(WHAT THE TASK ASKS)
Please retype the data below line for line and leave out every picture.

[[ THE DATA open ]]

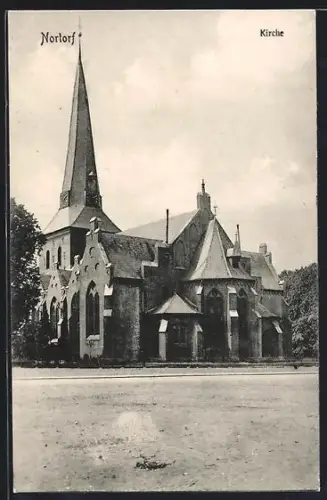 AK Nortorf, Kirche
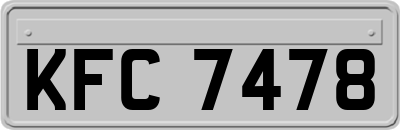 KFC7478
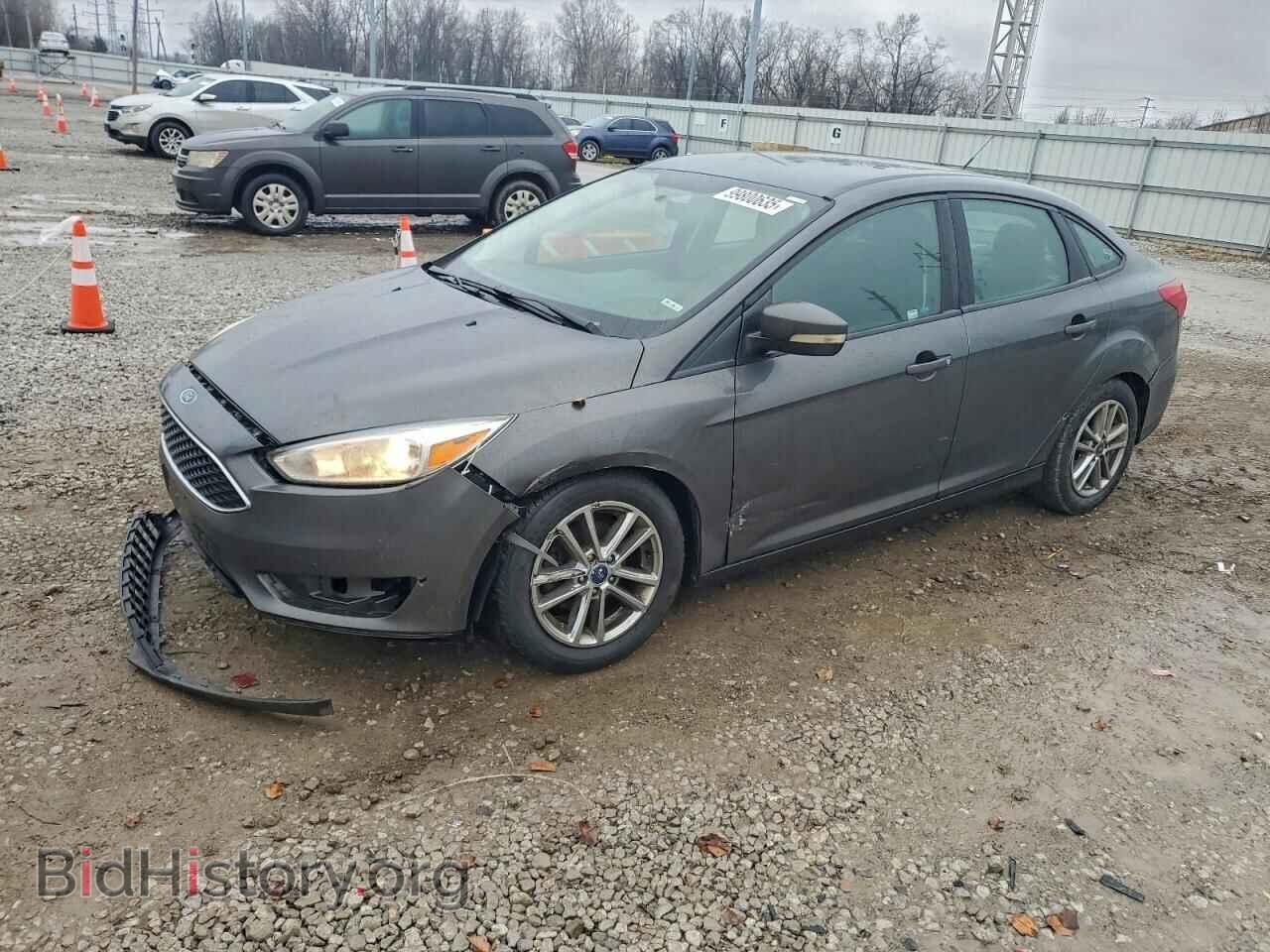 Фотография 1FADP3FE3HL257283 - FORD FOCUS 2017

[[ THE DATA closed ]]

(ANSWER TO THE EXERCISE)
 AK Nortorf, Kirche
 KFC7478
 Фотография 1FADP3FE3HL257283 - FORD FOCUS 2017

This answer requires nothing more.